Após o potente O cordeiro e os pecados dividindo o pão, Milena retorna com um livro de fôlego narrativo e poético raro. Com humor ácido, lirismo feroz e um domínio espantoso da linguagem, ela percorre memórias e traumas da infância à idade adulta, compondo uma travessia entre a menina “infeliz num cantinho” e a mulher que escreve “porque só os vivos têm por que escrever”.
A escrita aqui é carne, suor e raiva. É também ciência celeste, estudo da dor, da entropia e da ausência. Em um mundo que falha em acolher as diferenças, Milena firma sua voz como quem ergue um grito com as duas mãos. Misturando mitologia, cotidiano periférico e crítica social, seus poemas criam um universo próprio, no qual Apolo, Medeia e Christian Doppler dividem o mesmo céu quente de Madureira.

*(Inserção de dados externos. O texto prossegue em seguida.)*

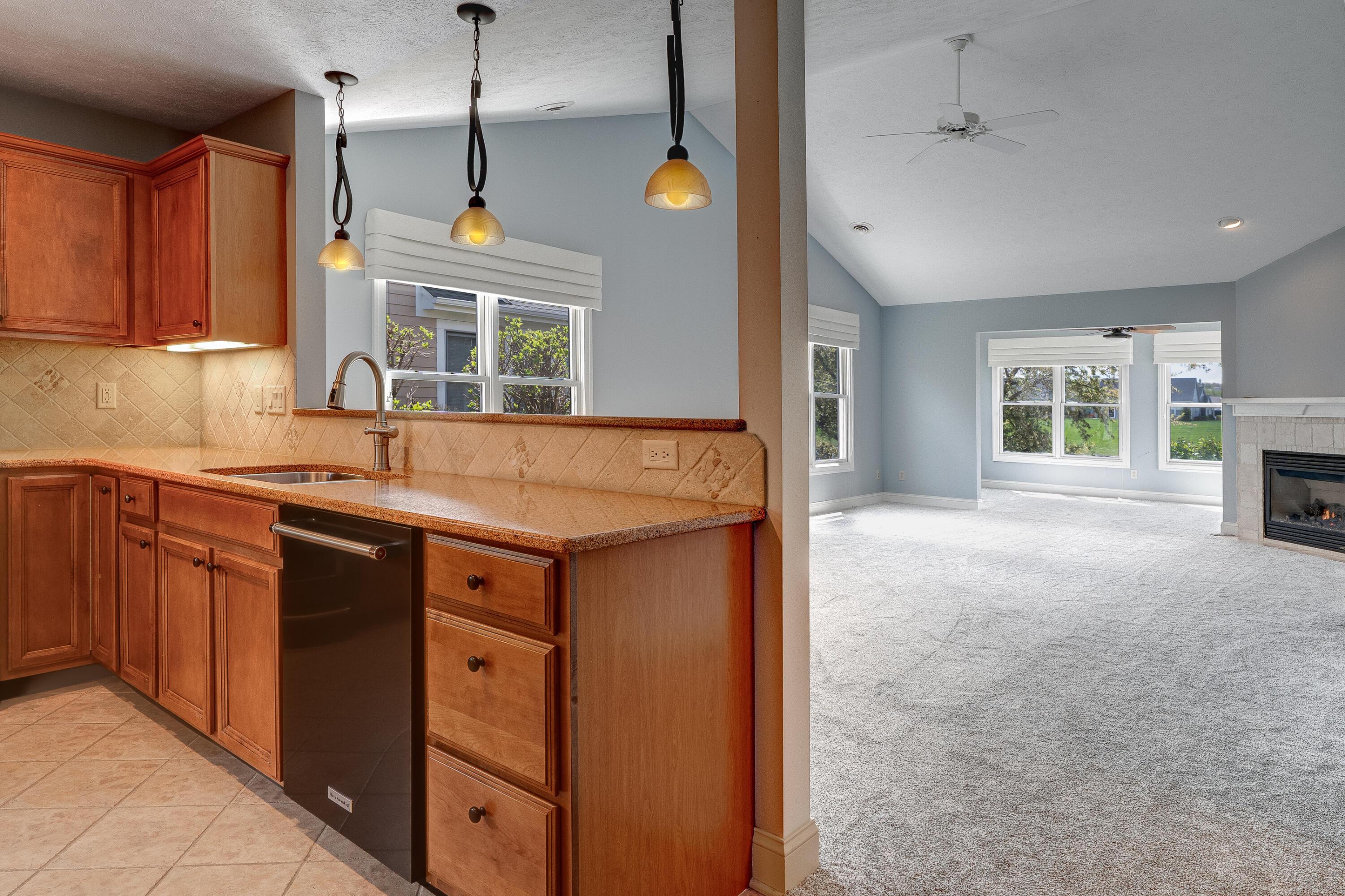 Image 4: Kitchen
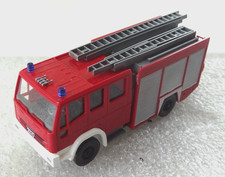 1/87  MARQUE ?   CAMION POMPIERS FOURGON IVECO  BEL ETAT SANS BOITE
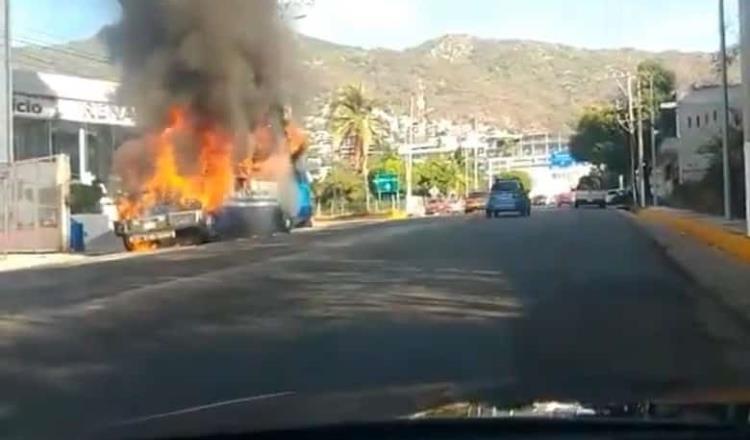 Incendian camión de pasajeros en Acapulco, detienen a presunto responsable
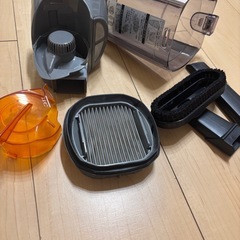 HITACHI 充電式掃除機 PV-BE200 シャンパンゴールドの画像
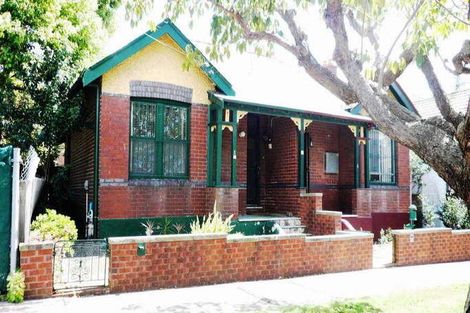 2 Oak St, Ashfield, NSW 2131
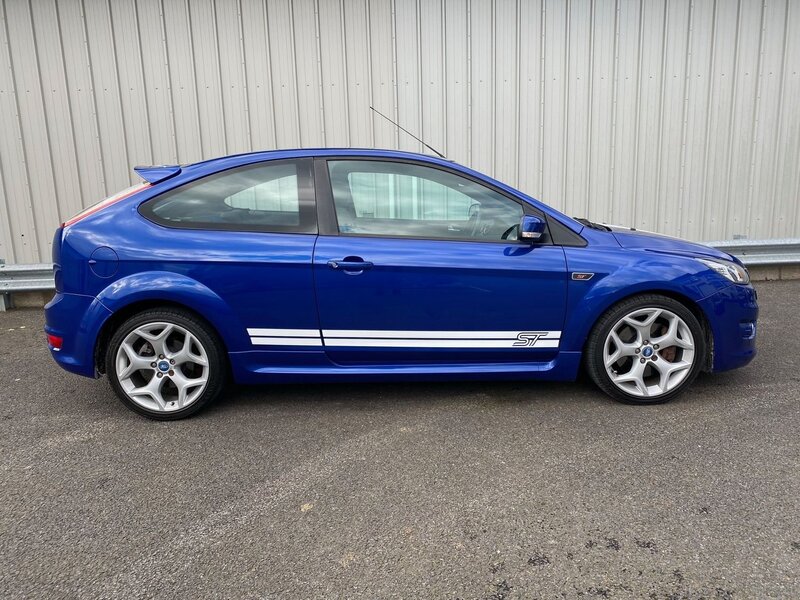 View FORD FOCUS 2.5 ST-2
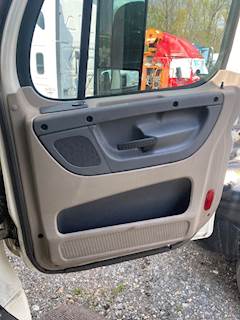 Freightliner Cascadia 125 Interior Part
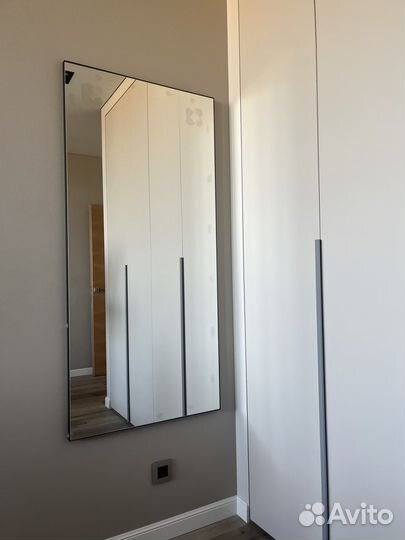 Зеркало настенное 140х65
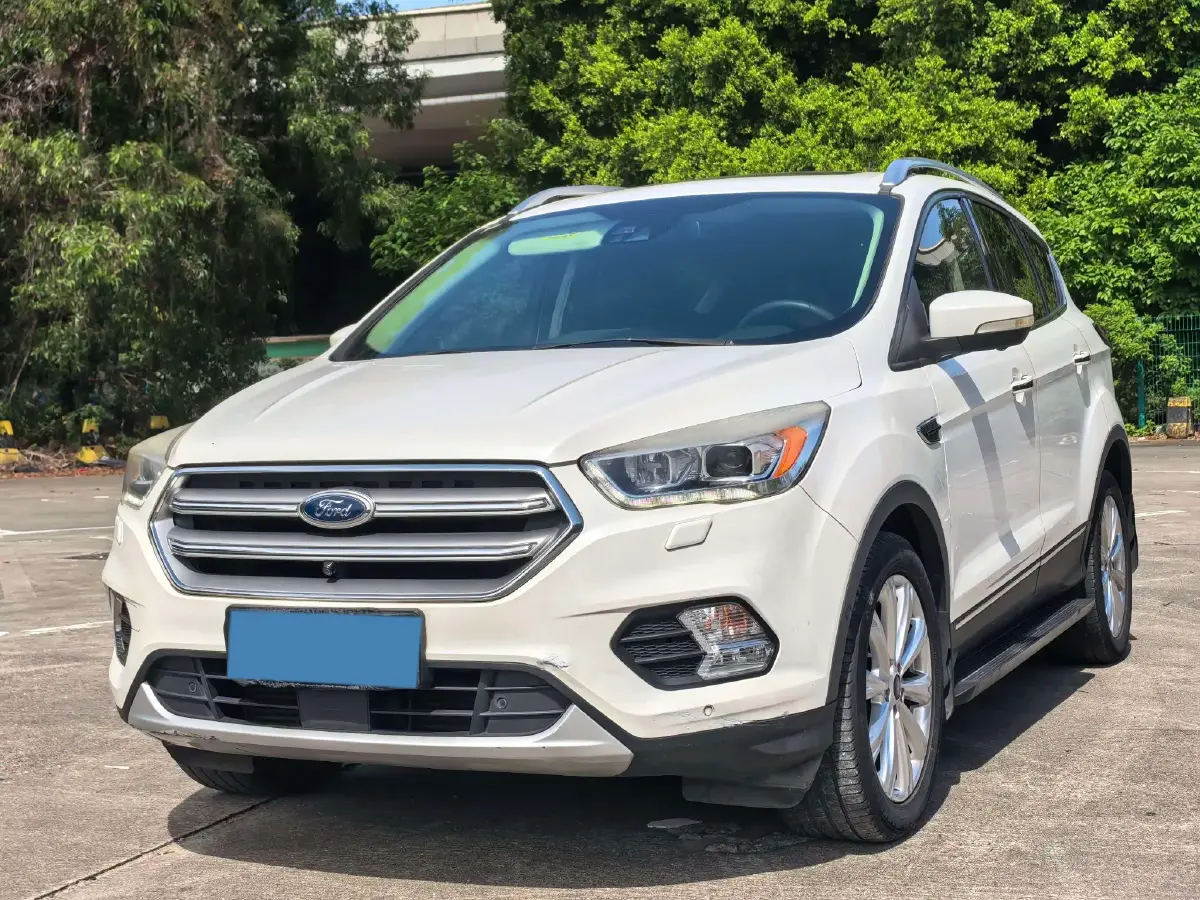 2017 Ford Kuga 2.0T 245HP L4 6AT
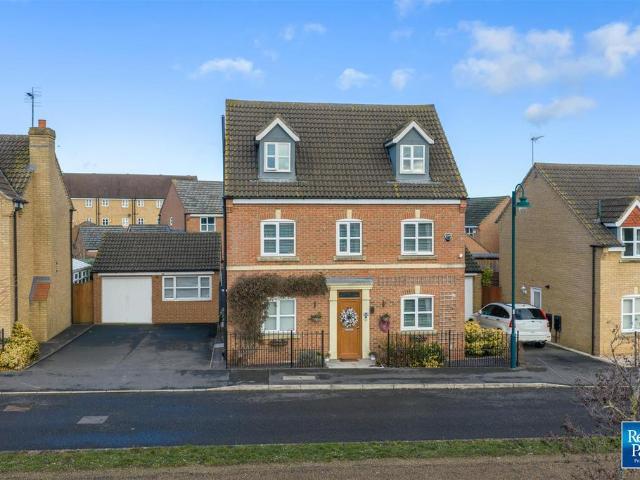 House for sale in Hampton Hargate, Peterborough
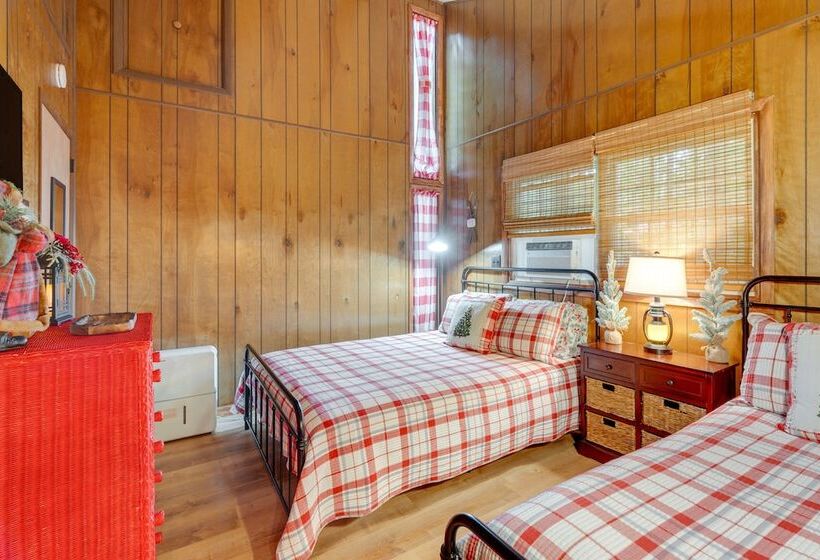 Papa S Christmas Cabin In Gouldsboro W/ Deck!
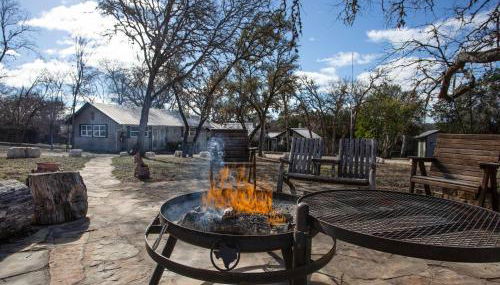 Cozy 2BR Cabin - King Bed Bunks Fire Pit & BBQ - Foto 3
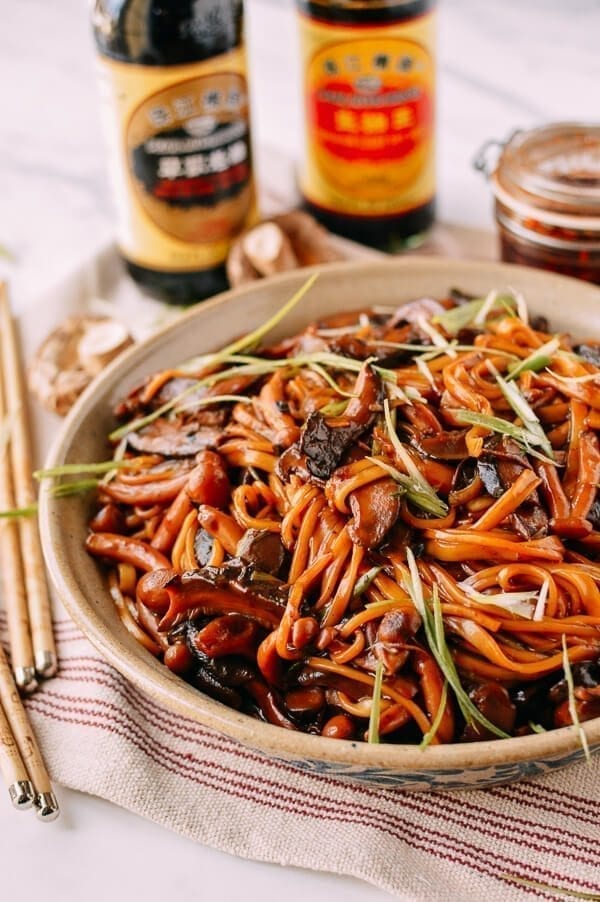 Soy Sauce Braised Wild Mushroom Noodles, by bmeteor.aiodimecu.cf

O livro parte de um projeto estruturado para pensar o processo de escrita por meio do acréscimo de sentido surgido das ausências. Examina os limites do poema: o difícil ato de verbalizar o que está antes da palavra. o carro de apolo capotou no horizonte deixa o processo à mostra em seus apagamentos, investigando o caminho da palavra até o papel e se configurando em um caderno de rascunho propositalmente inacabado em sua versão final.
A edição traz ainda textos críticos fundamentais: prefácio de Luizza Milczanowski, que apresenta a obra como uma odisseia suburbana entre poeira estelar e os escombros da infância; posfácio de Ana Luiza Rigueto, que lê a poeta como uma força de teimosia e invenção, capaz de costurar ódio e amor numa mesma linha; e orelha de Thaís Campolina, que insiste na dor de existir como fomento da escrita. Com curadoria e edição de Priscila Branco e Bianca Monteiro Garcia, o livro é também um artefato visual, com projeto gráfico de Caroline Silva e ilustrações da própria autora.
o carro de apolo capotou no horizonte é para quem já se sentiu estrangeira na própria pele. Para quem tenta entender o caos e, mesmo sem respostas, continua.